• _Excerpted data_:

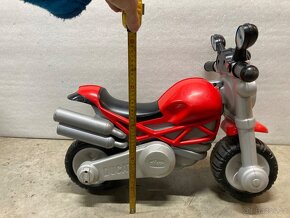 Chicco Ducati - 8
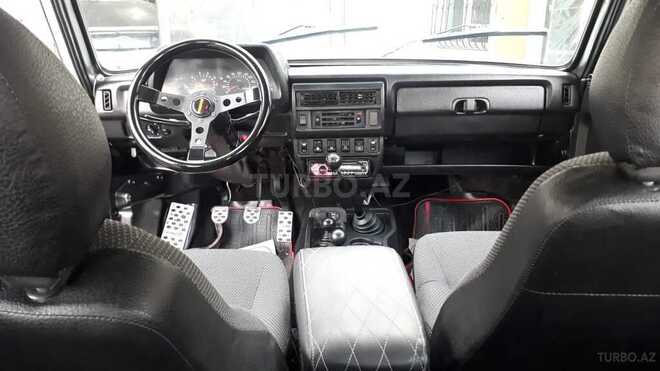 LADA (VAZ) Niva 2012, 117,000 km - 1.7 l - Sumqayıt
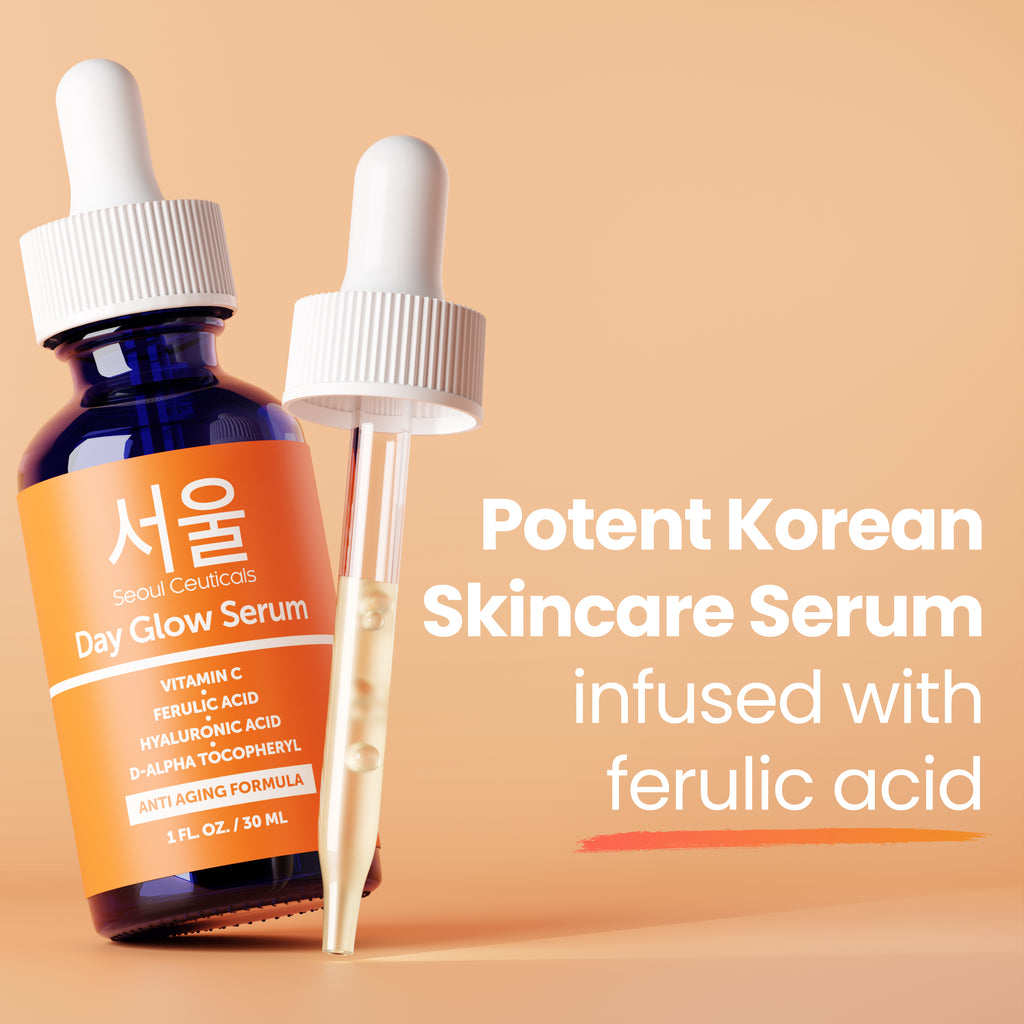 Day Glow Vitamin C Serum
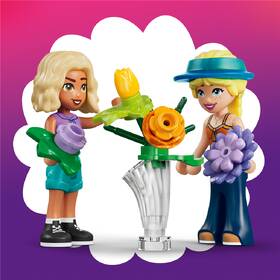 Stavebnica LEGO® Friends 42693 Kreatívne kvetinárstvo 

 obrázok produktu 6 z 8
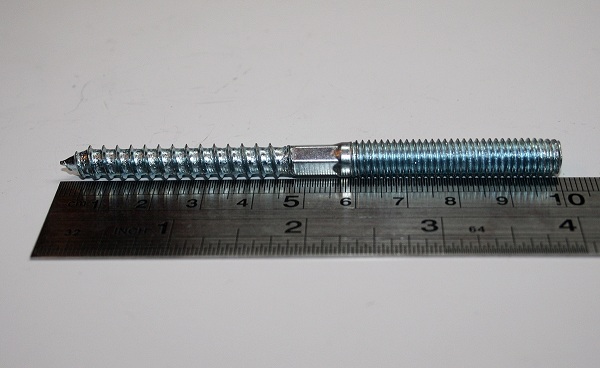  Self tapping screw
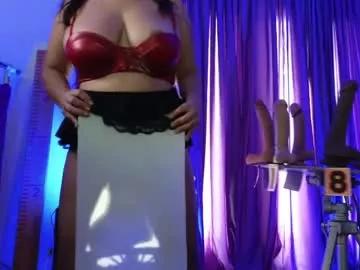 bunny_delight from Chaturbate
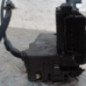 Serrure avant droit CITROEN C4 PICASSO 1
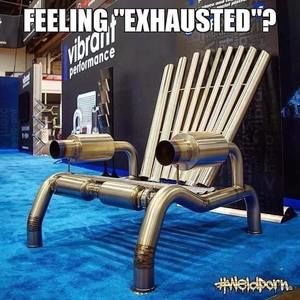 Meet your Posher, Francisco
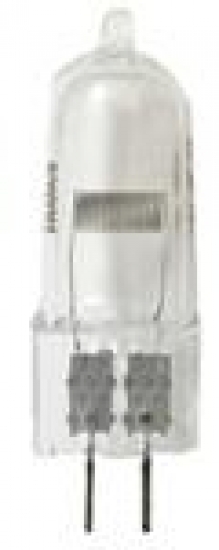Foto principale LAMPADA ALOGENA 36V 400W G6,35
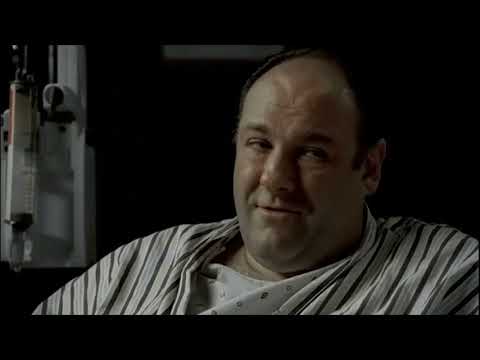 The Sopranos Season 6 Episode 04   The Fleshy Part of the Thigh   Everythng  is Everything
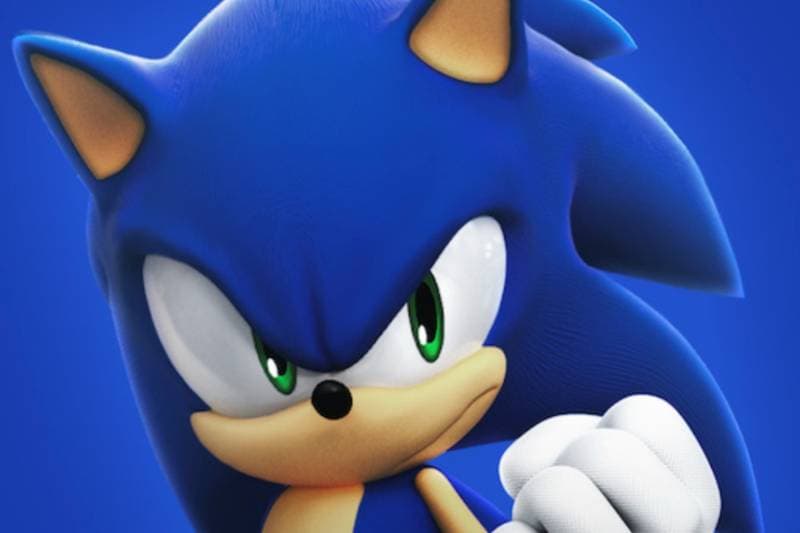 Thumbnail of Sonic RPG AI Game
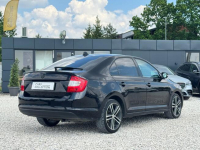 Skoda Rapid, 2016 Michałowice - zdjęcie 4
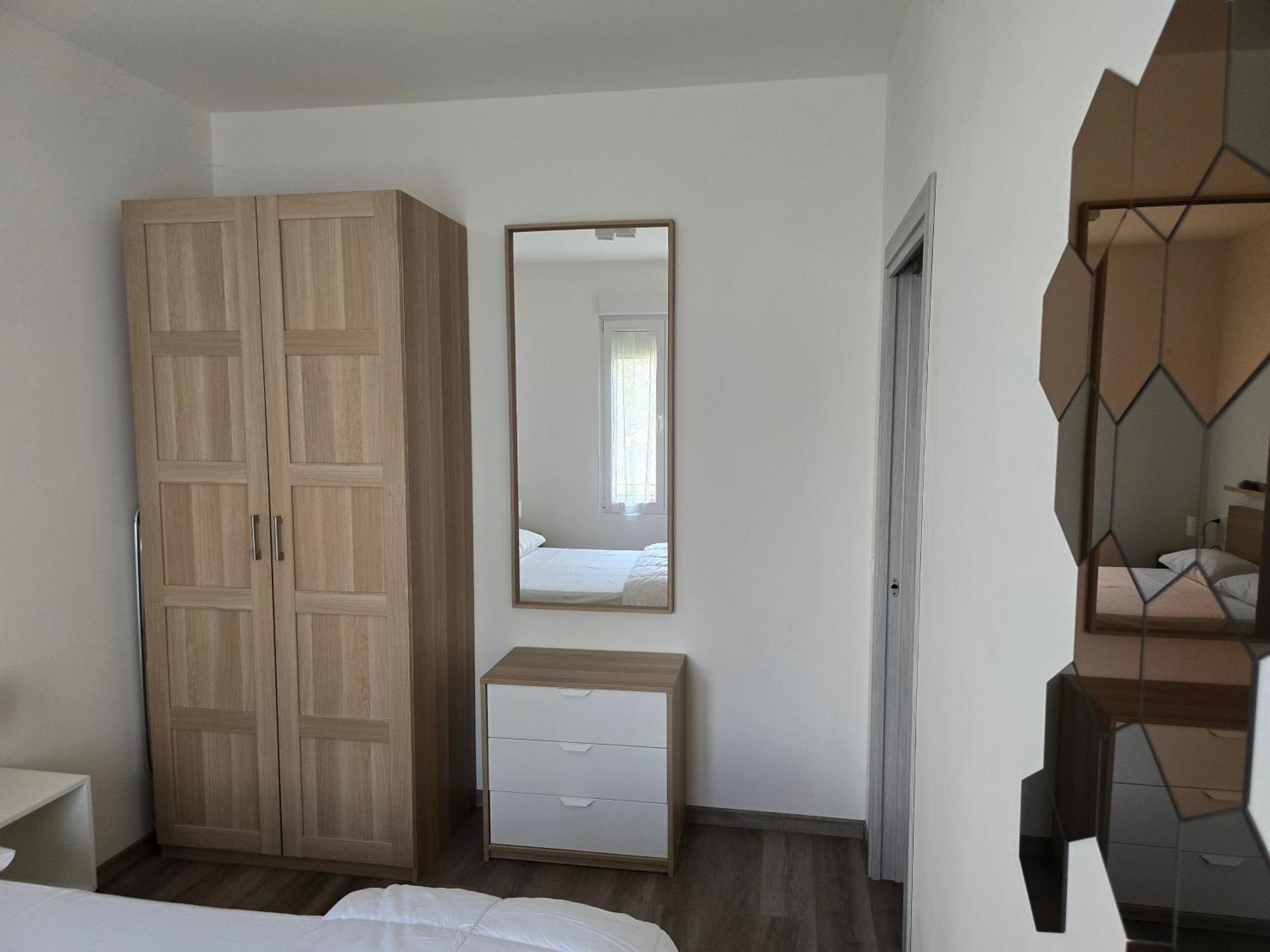 Villa Nerina Apartment Lignano Sabbiadoro Extérieur photo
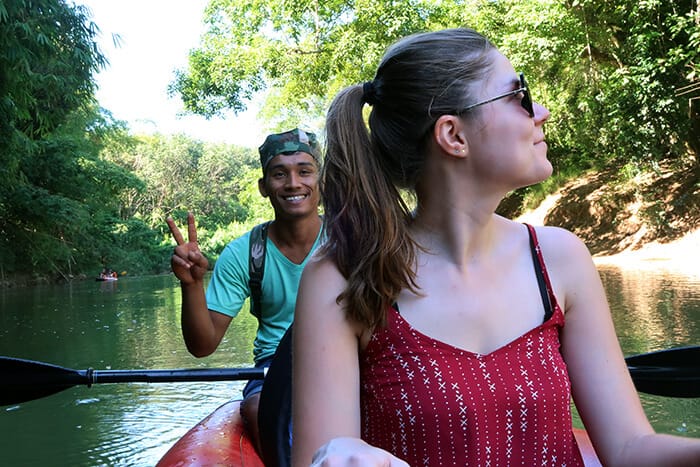 Khao Sok National Park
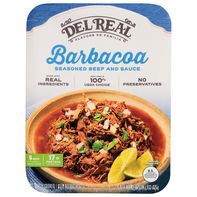 Del Real Barbacoa️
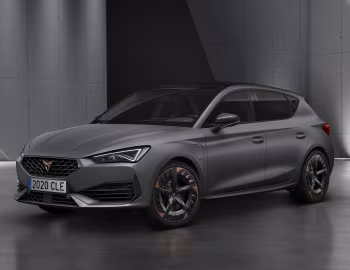 Cupra León eHybrid [Worldwide] '2020–24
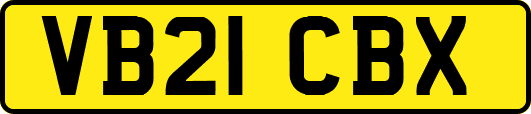 VB21CBX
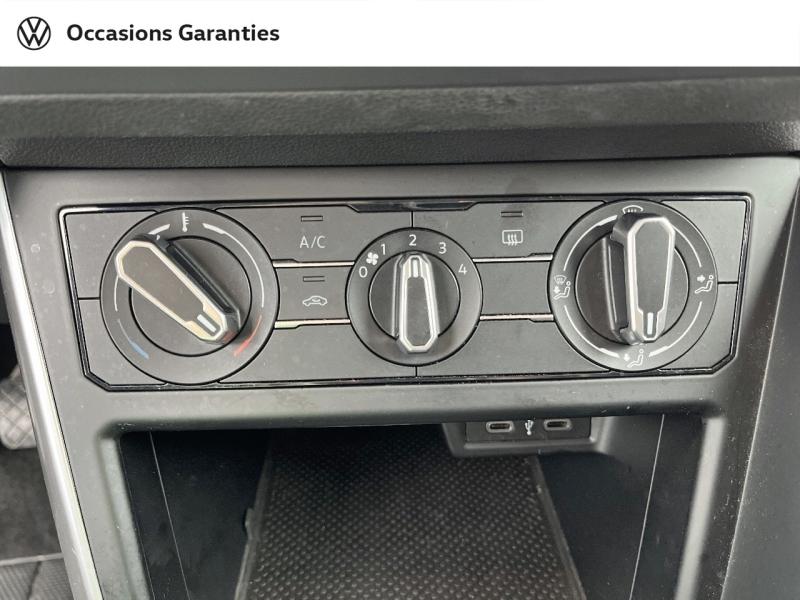 Voitures occasions VOLKSWAGEN POLO Life Orvault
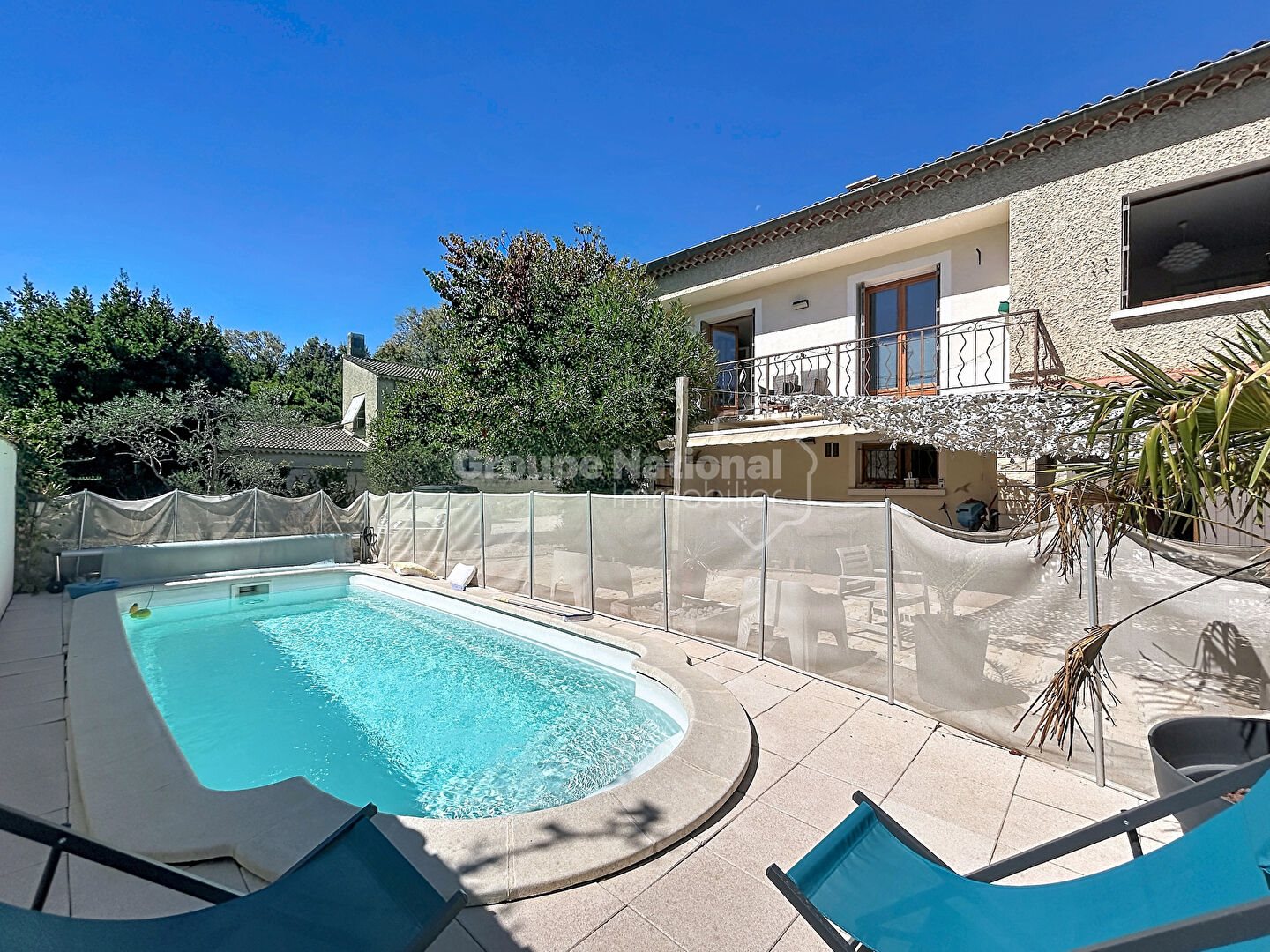 Maison à vendre, 146m², Vedène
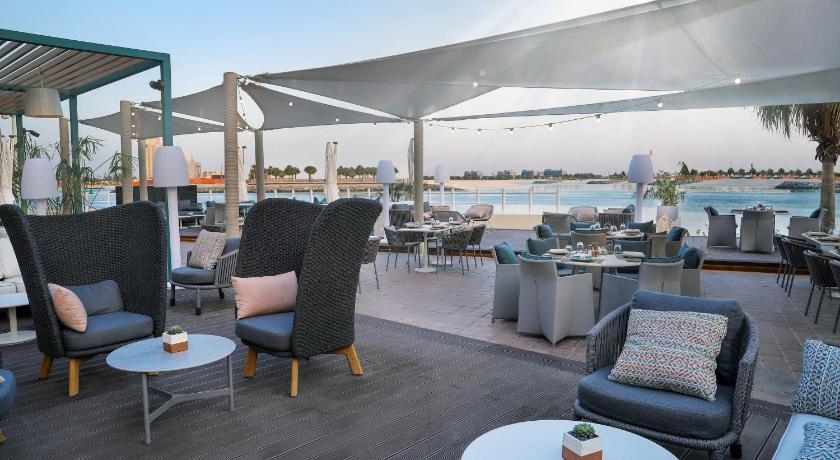 Khalidiya Palace Rayhaan by Rotana Abu Dhabi - main image
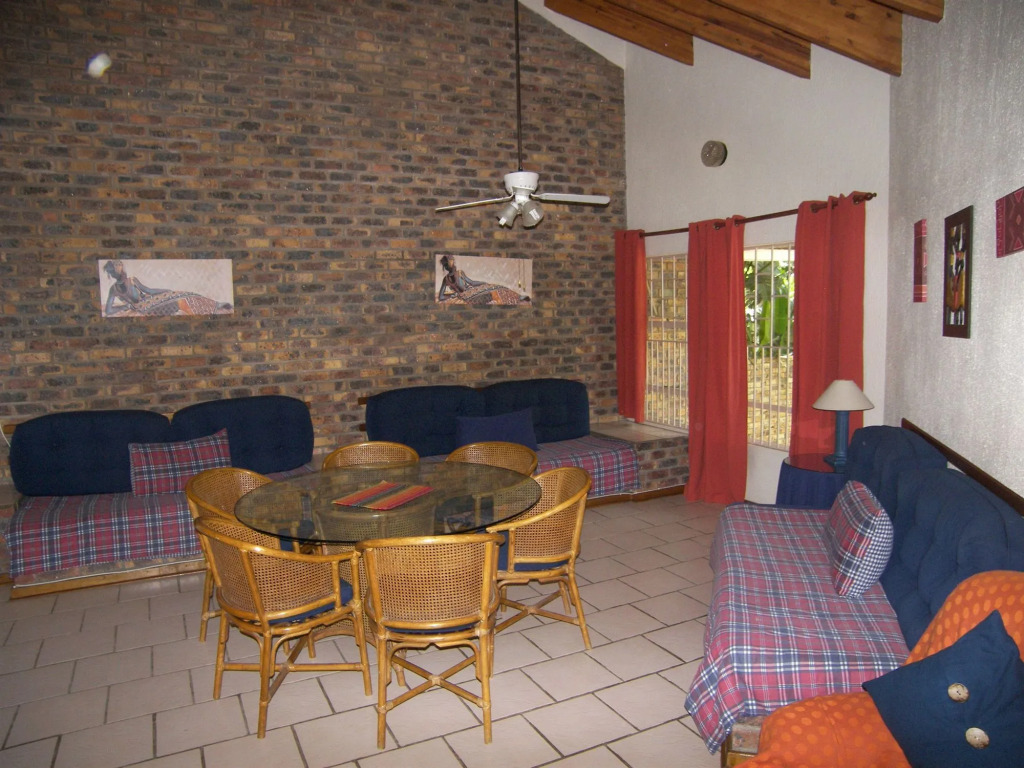 Tatenda Guest House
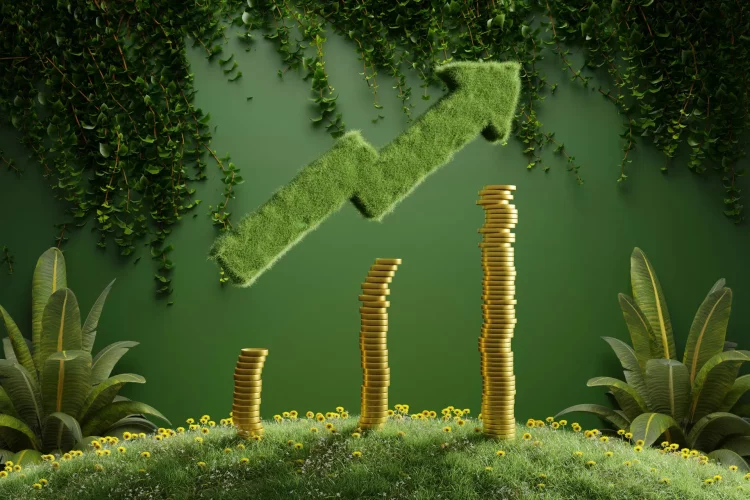 Green Is the New Gold: Why Sustainable Finance Is No Longer Optional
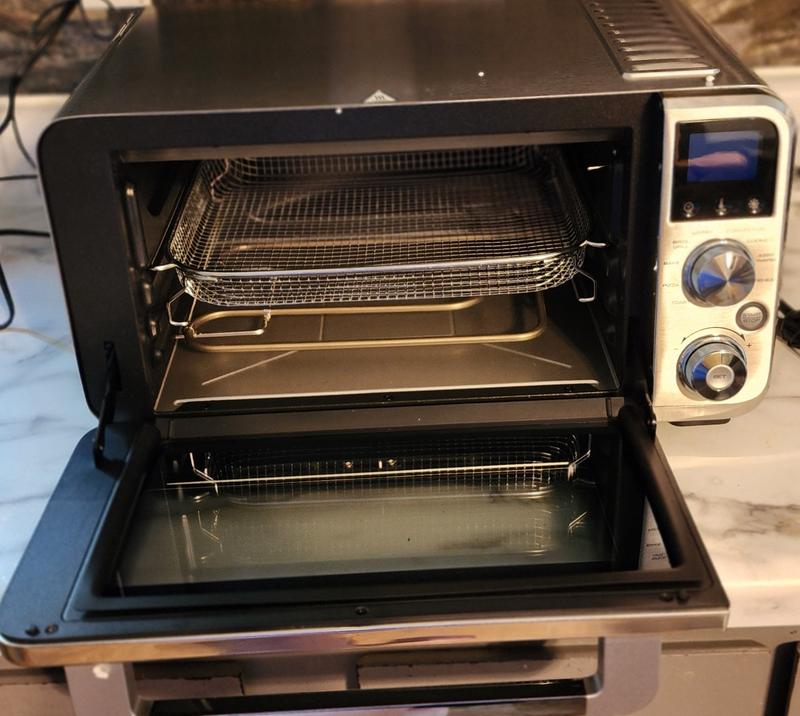 Livenza Ovens air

• _Task_: Quote the data exactly, leaving every image out of the copy.

• _Your solution_:
 Chicco Ducati - 8
 LADA (VAZ) Niva 2012, 117,000 km - 1.7 l - Sumqayıt
 Day Glow Vitamin C Serum
 Stavebnica LEGO® Friends 42693 Kreatívne kvetinárstvo 

 obrázok produktu 6 z 8
  Self tapping screw
 bunny_delight from Chaturbate
 Serrure avant droit CITROEN C4 PICASSO 1
 Meet your Posher, Francisco
Foto principale LAMPADA ALOGENA 36V 400W G6,35
 The Sopranos Season 6 Episode 04   The Fleshy Part of the Thigh   Everythng  is Everything
 Thumbnail of Sonic RPG AI Game
 Skoda Rapid, 2016 Michałowice - zdjęcie 4
 Villa Nerina Apartment Lignano Sabbiadoro Extérieur photo
 Khao Sok National Park
 Del Real Barbacoa️
 Cupra León eHybrid [Worldwide] '2020–24
 VB21CBX
 Voitures occasions VOLKSWAGEN POLO Life Orvault
 Maison à vendre, 146m², Vedène
 Khalidiya Palace Rayhaan by Rotana Abu Dhabi - main image
 Tatenda Guest House
 Green Is the New Gold: Why Sustainable Finance Is No Longer Optional
 Livenza Ovens air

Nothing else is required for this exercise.